Want more Matt Roush? Subscribe to TV Guide Magazine now!
Sherlock, which premieres the first of three delightful 90-minute movies on PBS this Sunday (check local schedules), is the brainchild of Steven Moffat (perpetrator of the latest series of Doctor Who as well as an acclaimed updating of Jekyll several years ago) — and it's wonderful brain candy. The twist: This Sherlock is operating in the 21st century, and while he's still at 221B Baker Street, times have changed — although Holmes himself remains as prickly, mercurial and maddening as ever.
Benedict Cumberbatch (a name out of Dickens, no?) is the new Sherlock, and he cuts a dashing and boyishly impulsive figure, as he tackles baroque and exotic cases with the assistance of a droll ex-Army Dr. John Watson (Martin Freeman of the original The Office), who's got a bit of PTSD going on as he chronicles their exploits in a blog. (Holmes maintains a "Science of Deduction" website and would rather text than socially interact with others.)

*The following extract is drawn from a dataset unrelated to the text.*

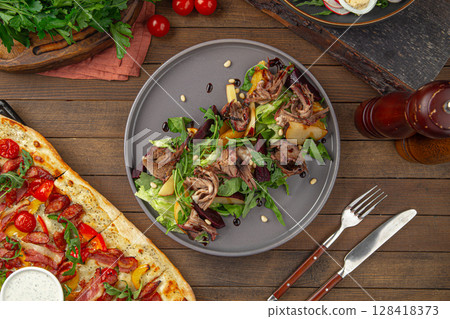 Meat salad with greens plum and pine nuts Meat salad with greens plum and pine nuts 128418373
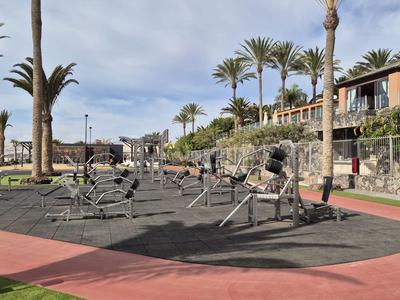 Outdoor-Fitnessbereich mit Calisthenics-Geräten, umgeben von Palmen und Hotelgebäuden.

Like another masterful British detective on display this month, BBC America's tormented Luther, Holmes' quirks create a ripple of unease and suspicion among his colleagues. When a resentful local detective describes Holmes as a psychopath, the canny consultant begs to differ. "I'm a high-functioning sociopath. Do your research!" The assumption is understandable, given that we see him at one memorable point shooting holes in his drawing-room wall, out of sheer boredom.
"Dear God, what is it like in your funny little brains? It must be so boring," laments the modern Sherlock as he plies his deductive trade, texting and googling addictively. Sherlock fabulously takes us inside Holmes' legendary mind, as clues and symbols materialize in the air, Beautiful Mind-style.
His mental acuity and arrogance are a source of frequent astonishment and occasional embarrassment to Watson. Their adventures are never boring. Clever and harrowing, but also often hilarious, the stories move us ever closer to a fateful encounter with Holmes' arch-nemesis Moriarty. Some things never change.
Sherlock is the rare reinvention that's likely to enchant purists as well as those yearning for a new look at an old favorite. Should you bookmark it now on your DVR? The answer, my dear reader and viewer, is elementary.
Sherlock premieres Sunday, 9/8c (check local schedules), on PBS' Masterpiece Mystery!